TRY IT: Beginning with the opening line, set down each line of the material below exactly, stopping once the line with "Geometric Black and" is done.
------ PROVIDED DATA ------
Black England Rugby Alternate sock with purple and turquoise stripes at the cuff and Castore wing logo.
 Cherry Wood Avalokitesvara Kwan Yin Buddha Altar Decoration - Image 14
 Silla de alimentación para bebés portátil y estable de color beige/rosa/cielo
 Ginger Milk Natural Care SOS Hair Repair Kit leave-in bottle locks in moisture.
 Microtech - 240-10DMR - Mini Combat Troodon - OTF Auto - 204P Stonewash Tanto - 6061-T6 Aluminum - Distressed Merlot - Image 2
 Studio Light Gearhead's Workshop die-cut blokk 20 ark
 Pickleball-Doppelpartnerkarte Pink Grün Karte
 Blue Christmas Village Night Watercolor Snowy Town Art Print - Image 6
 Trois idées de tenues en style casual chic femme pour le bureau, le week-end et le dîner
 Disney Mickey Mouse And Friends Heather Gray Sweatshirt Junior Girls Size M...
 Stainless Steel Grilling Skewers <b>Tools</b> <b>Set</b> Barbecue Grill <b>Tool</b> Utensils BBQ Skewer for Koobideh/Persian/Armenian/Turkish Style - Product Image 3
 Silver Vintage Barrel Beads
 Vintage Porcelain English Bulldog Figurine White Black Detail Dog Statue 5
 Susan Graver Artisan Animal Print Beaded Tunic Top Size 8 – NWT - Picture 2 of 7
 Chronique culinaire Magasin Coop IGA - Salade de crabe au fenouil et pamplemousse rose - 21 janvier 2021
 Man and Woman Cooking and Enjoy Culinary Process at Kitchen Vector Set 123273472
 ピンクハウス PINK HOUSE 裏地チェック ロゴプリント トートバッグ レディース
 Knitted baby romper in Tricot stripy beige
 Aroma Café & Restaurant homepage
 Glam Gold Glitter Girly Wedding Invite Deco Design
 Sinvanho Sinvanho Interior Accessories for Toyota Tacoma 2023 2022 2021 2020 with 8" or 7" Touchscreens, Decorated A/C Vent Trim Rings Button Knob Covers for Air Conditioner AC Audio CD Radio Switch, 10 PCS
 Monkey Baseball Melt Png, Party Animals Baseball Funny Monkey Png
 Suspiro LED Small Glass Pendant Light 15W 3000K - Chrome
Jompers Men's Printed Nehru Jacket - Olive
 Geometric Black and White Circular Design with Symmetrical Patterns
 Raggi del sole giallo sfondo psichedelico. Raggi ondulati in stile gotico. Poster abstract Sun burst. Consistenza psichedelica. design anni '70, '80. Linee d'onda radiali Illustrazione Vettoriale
------
EXERCISE ANSWER:
Black England Rugby Alternate sock with purple and turquoise stripes at the cuff and Castore wing logo.
 Cherry Wood Avalokitesvara Kwan Yin Buddha Altar Decoration - Image 14
 Silla de alimentación para bebés portátil y estable de color beige/rosa/cielo
 Ginger Milk Natural Care SOS Hair Repair Kit leave-in bottle locks in moisture.
 Microtech - 240-10DMR - Mini Combat Troodon - OTF Auto - 204P Stonewash Tanto - 6061-T6 Aluminum - Distressed Merlot - Image 2
 Studio Light Gearhead's Workshop die-cut blokk 20 ark
 Pickleball-Doppelpartnerkarte Pink Grün Karte
 Blue Christmas Village Night Watercolor Snowy Town Art Print - Image 6
 Trois idées de tenues en style casual chic femme pour le bureau, le week-end et le dîner
 Disney Mickey Mouse And Friends Heather Gray Sweatshirt Junior Girls Size M...
 Stainless Steel Grilling Skewers <b>Tools</b> <b>Set</b> Barbecue Grill <b>Tool</b> Utensils BBQ Skewer for Koobideh/Persian/Armenian/Turkish Style - Product Image 3
 Silver Vintage Barrel Beads
 Vintage Porcelain English Bulldog Figurine White Black Detail Dog Statue 5
 Susan Graver Artisan Animal Print Beaded Tunic Top Size 8 – NWT - Picture 2 of 7
 Chronique culinaire Magasin Coop IGA - Salade de crabe au fenouil et pamplemousse rose - 21 janvier 2021
 Man and Woman Cooking and Enjoy Culinary Process at Kitchen Vector Set 123273472
 ピンクハウス PINK HOUSE 裏地チェック ロゴプリント トートバッグ レディース
 Knitted baby romper in Tricot stripy beige
 Aroma Café & Restaurant homepage
 Glam Gold Glitter Girly Wedding Invite Deco Design
 Sinvanho Sinvanho Interior Accessories for Toyota Tacoma 2023 2022 2021 2020 with 8" or 7" Touchscreens, Decorated A/C Vent Trim Rings Button Knob Covers for Air Conditioner AC Audio CD Radio Switch, 10 PCS
 Monkey Baseball Melt Png, Party Animals Baseball Funny Monkey Png
 Suspiro LED Small Glass Pendant Light 15W 3000K - Chrome
Jompers Men's Printed Nehru Jacket - Olive
 Geometric Black and White Circular Design with Symmetrical Patterns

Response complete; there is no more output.